Na vertente económica, o discurso tornou-se um sonho. Von der Leyen prometeu um Fundo Scaleup Europe para startups, gigafábricas de IA, um Pacote de Reforço de Baterias e uma Lei de Aceleração Industrial — tudo com o objetivo, disse ela, de tornar a UE líder em tecnologia e IA. O discurso do ano passado estava repleto de promessas semelhantes — quase nenhuma delas se concretizou, como observou o Politico.

Ao abordar um dos principais problemas que afectam tanto a indústria como as famílias europeias — os elevados preços da energia — von der Leyen fez a surpreendente afirmação de que estes problemas eram causados ​​pela "dependência dos combustíveis fósseis russos", e não pela própria decisão da UE de cortar o acesso ao gás russo acessível e substituí-lo por GNL americano, muito mais caro. Agravou ainda mais esta distorção ao afirmar que "a Europa está a caminho da independência energética", quando, na realidade, o continente simplesmente trocou a proximidade pela distância, ficando ainda mais dependente das importações de fornecedores distantes, expostos à volatilidade dos mercados globais.

Von der Leyen provocou risos audíveis ao declarar que "o futuro dos automóveis e os automóveis do futuro devem ser feitos na Europa" — um slogan vazio que soava absurdo, dada a profunda crise que a indústria automóvel europeia enfrenta, principalmente devido às sufocantes regulamentações da UE. Chegou mesmo a defender o recente acordo comercial UE-EUA — amplamente aclamado como uma capitulação — como "o melhor acordo possível".
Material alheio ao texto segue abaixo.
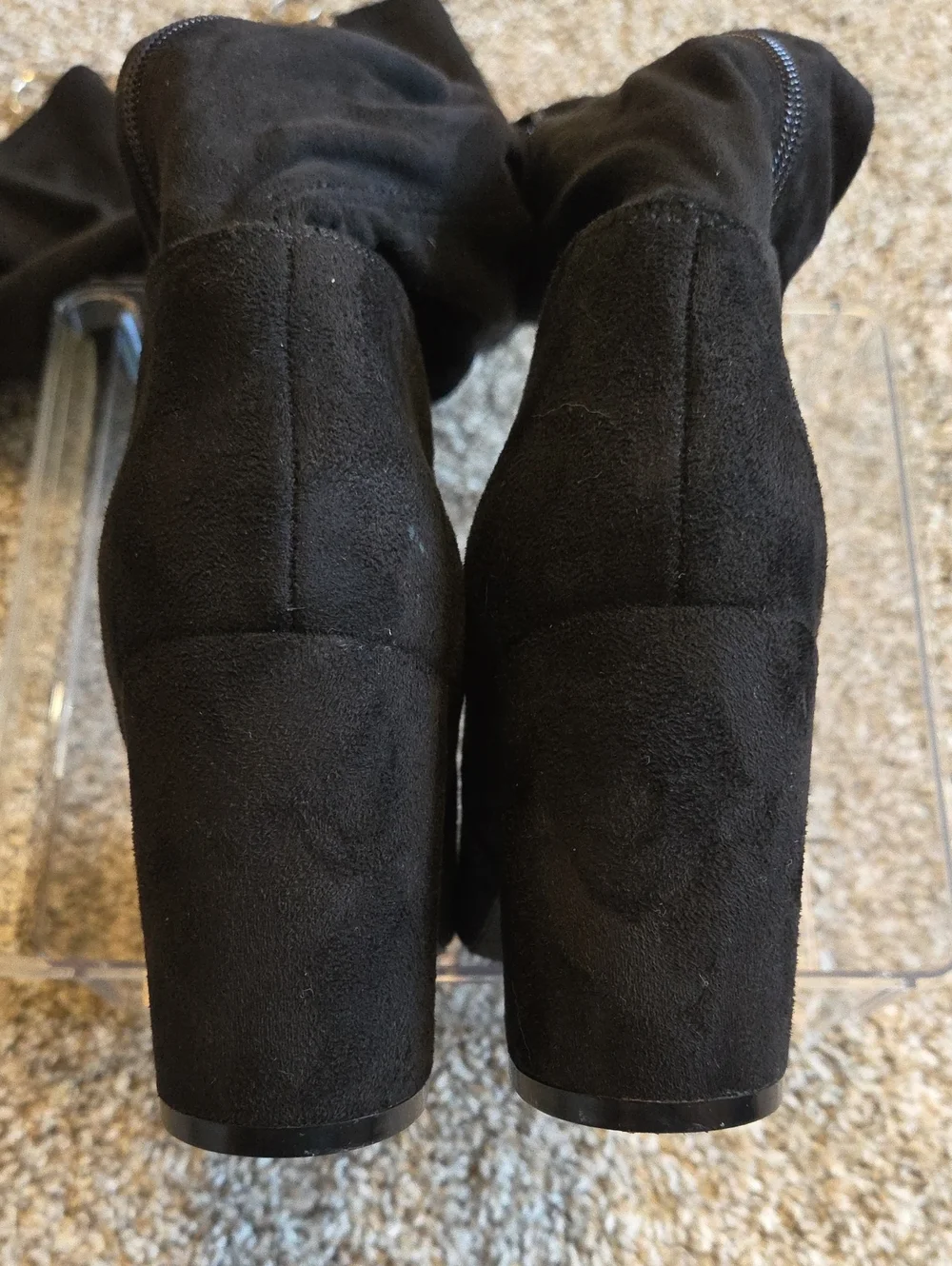 Shoedazzle Naveah Over the Knee Block Heel Boots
O discurso atingiu o seu clímax surreal quando ela apresentou uma “estratégia europeia de combate à pobreza” que ajudaria a “eliminar a pobreza até 2050” — embora as taxas de pobreza na UE tenham aumentado desde que ela assumiu o cargo em 2019, principalmente devido às sanções e a uma política energética defendida pela própria Bruxelas.

Mas a parte mais ameaçadora do discurso de von der Leyen ocorreu quando ela falou de "novas ferramentas" para impor o Estado de direito e combater a "manipulação da informação" e a "desinformação". Para tal, reiterou a necessidade de um "Escudo Europeu da Democracia" e de um "Centro Europeu para a Resiliência Democrática" para combater a propaganda supostamente perigosa. Ao fazê-lo, previu novas invasões da liberdade de expressão e a criminalização da dissidência, e anunciou novas campanhas de propaganda patrocinadas pela UE sob o lema de "apoiar o jornalismo independente e a literacia mediática".

Em última análise, o relatório sobre o Estado da União de 2025 de von der Leyen foi menos um roteiro para o futuro da Europa do que um catálogo de fracassos disfarçados de triunfos. Como de costume, ela atribuiu os problemas da Europa a inimigos externos — Rússia, China, desinformação —, ignorando o verdadeiro problema: o próprio modelo supranacional da UE, com as suas rígidas restrições políticas e económicas. Ao apelar a ainda mais centralização, incluindo a abolição da unanimidade em áreas políticas-chave, von der Leyen sinalizou a sua intenção de redobrar a aposta nas mesmas políticas que enfraqueceram a Europa. O que ela ofereceu não foi renovação, mas mais do mesmo — uma União cada vez mais militarizada, dependente e autoritária.